A tali dati, infatti, in base all’art. 9 della legge n. 121 del 1981[8] possono accedere, oltre all’autorità giudiziaria, solo gli ufficiali di polizia giudiziaria appartenenti alle forze di polizia, gli ufficiali di pubblica sicurezza ed i funzionari dei servizi di sicurezza, nonché agli agenti di polizia giudiziaria delle forze di polizia debitamente autorizzati. Di tali dati è inoltre vietata ogni utilizzazione per finalità diverse dalla tutela della sicurezza pubblica nonché ogni forma di circolazione nell’ambito della pubblica amministrazione.
Il comma 2 consente la trasmissione delle informazioni acquisite attraverso l’accesso alle banche dati all’ufficiale giudiziario competente nel procedimento di esecuzione forzata. La trasmissione delle informazioni è subordinata all’autorizzazione dell’autorità giudiziaria.
La disposizione richiama l’art. 492-bis del codice di procedura civile (inserito recentemente, dal decreto-legge n. 132 del 2014), relativo alla ricerca con modalità telematiche dei beni da pignorare.
In caso di incapienza del debitore, la ricerca con modalità telematiche dei beni da pignorare avviene su istanza del creditore, e previa espressa autorizzazione del presidente del tribunale.
L'ufficiale giudiziario può accedere, mediante collegamento telematico diretto, alle banche dati delle pubbliche amministrazioni o che le stesse possono consultare, inclusi l'anagrafe tributaria e le banche dati degli enti previdenziali, al fine di acquisire tutte le informazioni rilevanti per l'individuazione di cose e crediti da sottoporre ad esecuzione, comprese quelle relative ai rapporti intrattenuti dal debitore con istituti di credito e datori di lavoro committenti.

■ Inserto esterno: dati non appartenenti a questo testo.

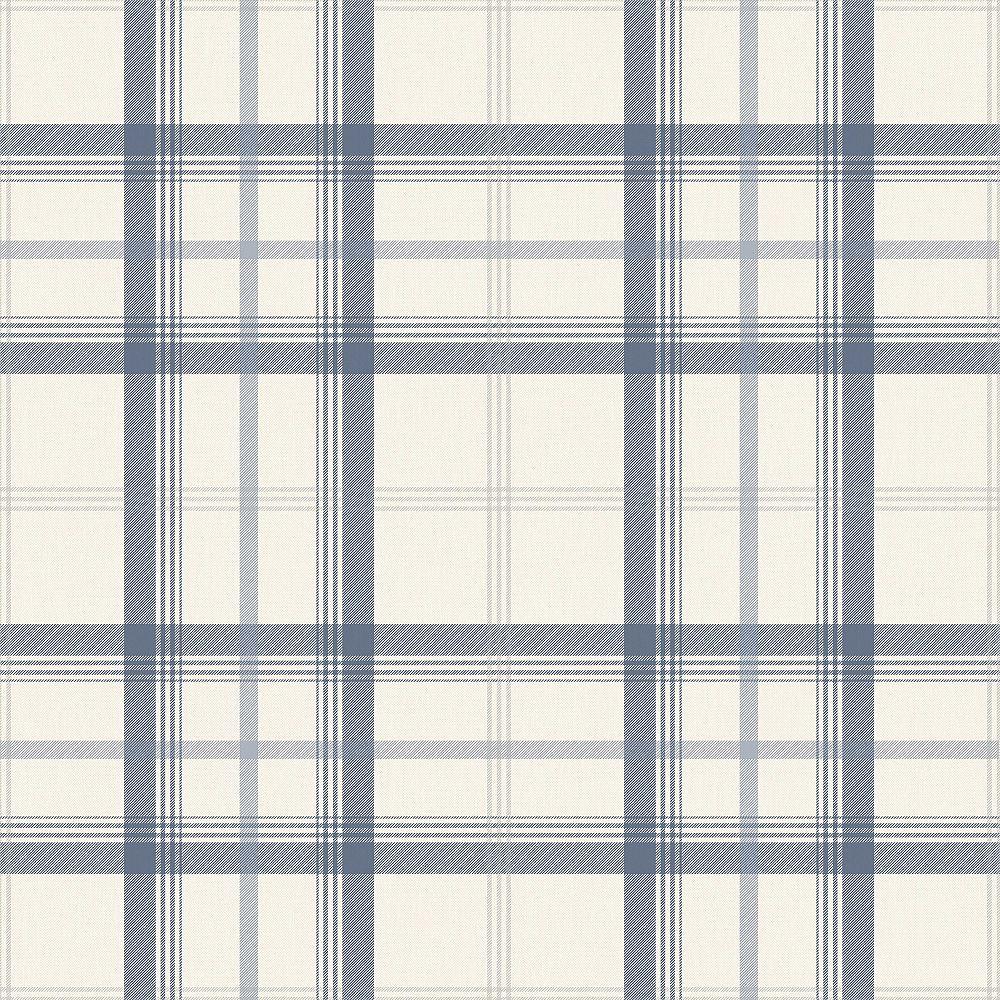 1000x1000 Fine Decor Cambridge Blue Plaid Wallpaper. The Home Depot Canada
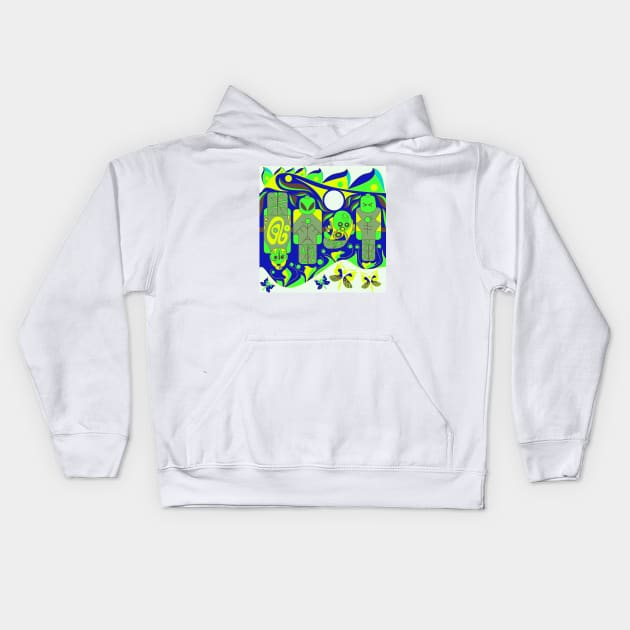 alien mayan brick in soccer board ecopop Kids Hoodie by jorge_lebeau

Qualora la ricerca - che deve essere documentata in un unico processo verbale indicante anche le banche dati verificate - dovesse avere esito positivo, l'ufficiale giudiziario si comporta diversamente a seconda dell'ubicazione dei beni rinvenuti.
In ordine alla formulazione del testo, si evidenzia che “i soggetti interessati di cui al comma 1” sarebbero alla lettera le amministrazioni pubbliche e gli enti. La disposizione, invece, pare volersi riferire ai soggetti tenuti all’obbligo alimentare, la cui situazione economica è rilevante nell’ambito delle procedure per il recupero del credito alimentare.

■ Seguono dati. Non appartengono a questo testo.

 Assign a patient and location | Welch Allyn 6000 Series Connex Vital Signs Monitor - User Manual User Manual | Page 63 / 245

Si osserva inoltre che già a legislazione
vigente, previa autorizzazione del presidente del tribunale, l’ufficiale
giudiziario ha accesso alle banche dati pubbliche e può procedere così alla ricerca
telematica dei beni da pignorare. Si valutino pertanto gli effetti
dell’attribuzione del nuovo ruolo di tramite in capo al Dipartimento per la
giustizia minorile e di comunità.
Documenti all’esame
delle istituzioni dell’UE
Si ricorda che nel Programma di lavoro della Commissione europea per il 2016 (in particolare nell’allegato relativo alle proposte REFIT[9]) si prevede, tra le nuove iniziative da intraprendere nel 2016, la riforma del Regolamento (CE) n. 2201/2003 del Consiglio, del 27 novembre 2003, relativo alla competenza, al riconoscimento e all'esecuzione delle decisioni in materia matrimoniale e in materia di responsabilità genitoriale, che abroga il regolamento (CE) n. 1347/2000 (cosiddetto Bruxelles II-bis). La Commissione europea aveva lanciato tra il 15 aprile 2014 e il 18 luglio 2014 una consultazione pubblica sul funzionamento del citato regolamento.
Articolo
10
(Disposizioni in materia di titolo esecutivo europeo)

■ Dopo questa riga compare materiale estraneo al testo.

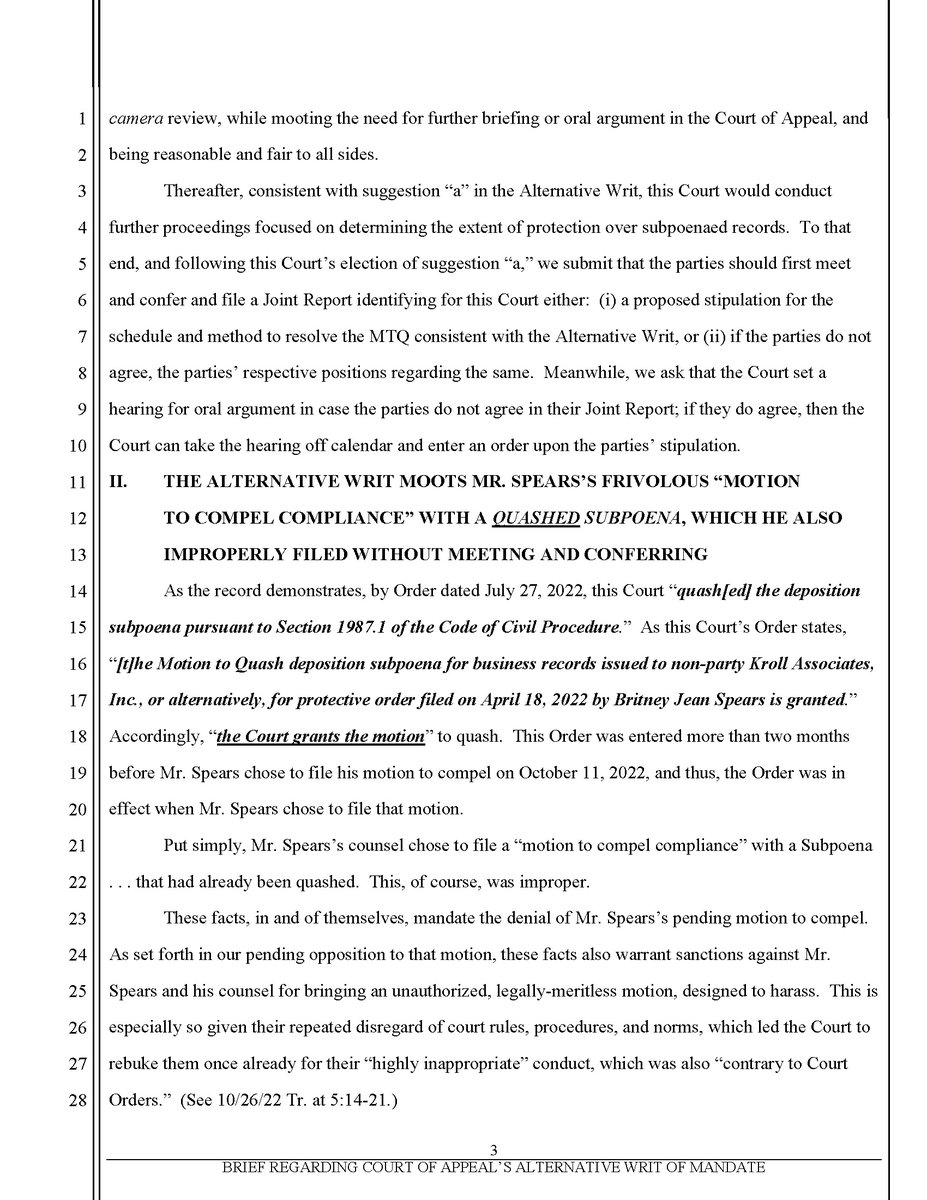 BritneyDocs's tweet photo. 🌹 1.9.23 BRIEF OF BRITNEY JEAN SPEARS AND KROLL ASSOCIATES, INC. REGARDING THE COURT OF APPEAL’S ALTERNATIVE WRIT OF MANDATE AND JULY 27, 2022 ORDER QUASHING SUBPOENA TO KROLL ASSOCIATES, INC.

6 pages + 4 exhibits
28 total pages - 1/8

#JusticeForBritney https://t.co/mzipDwe4xx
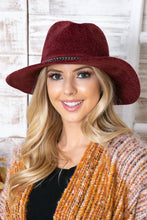Load image into Gallery viewer, Enchanted | Chenille Ridged Fedora with Chain-link Trim - Black &amp; White Interiors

1. L’autorità che ha formato
l’atto pubblico è competente al rilascio di ogni attestato, estratto e
certificato richiesto per l’esecuzione forzata dell’atto stesso negli Stati
membri dell’Unione europea.
2. In ogni caso in cui
l’autorità che ha formato l’atto pubblico sia stata soppressa o sostituita,
provvederà l’autorità nominata in sua vece o che sia tenuta alla conservazione
dei suoi atti e al rilascio delle loro copie, estratti e certificati.
L’articolo 10, introdotto nel corso dell’esame in Commissione, interviene sulle procedure di esecuzione forzata da eseguire in un altro Stato membro dell’Unione europea.
Si ricorda che il Regolamento (CE) n. 805/2004 del Parlamento europeo e del Consiglio, ha istituito il titolo esecutivo europeo per i crediti non contestati. Il titolo esecutivo europeo è un certificato che consente che le decisioni giudiziarie, le transazioni giudiziarie e gli atti pubblici relativi a crediti non contestati, possano essere riconosciuti ed eseguiti automaticamente, in un altro Stato membro, senza procedimento intermedio.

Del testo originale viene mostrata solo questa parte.